* _Data extract_:
▬▬▬▬▬▬
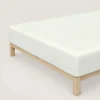 schlafgut Pure-Boxspring-Spannbettlaken weiß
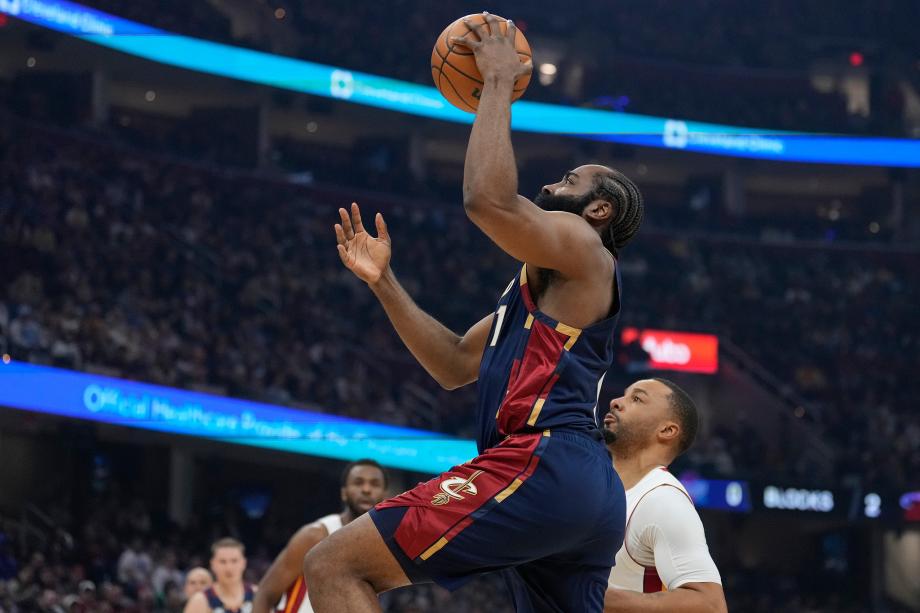 乐鱼中国官网-斯特鲁斯29+8哈登17+14 骑士149-128复仇热火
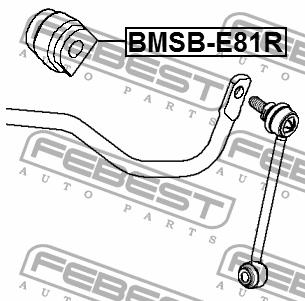 Купити Febest BMSB-E81R за низькою ціною в Україні!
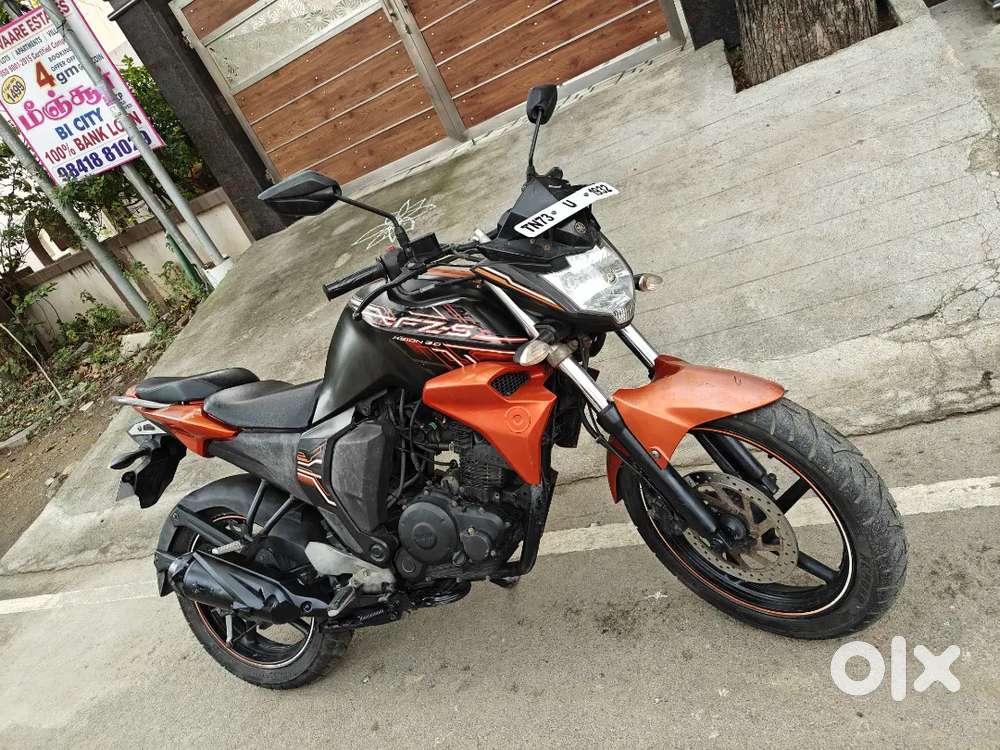 Yamaha Fz 2014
▬▬▬▬▬▬
* _About this exercise_:
Omit every picture, then repeat the remaining data exactly as it appears above.

* _Output_:
 schlafgut Pure-Boxspring-Spannbettlaken weiß
 乐鱼中国官网-斯特鲁斯29+8哈登17+14 骑士149-128复仇热火
 Купити Febest BMSB-E81R за низькою ціною в Україні!
 Yamaha Fz 2014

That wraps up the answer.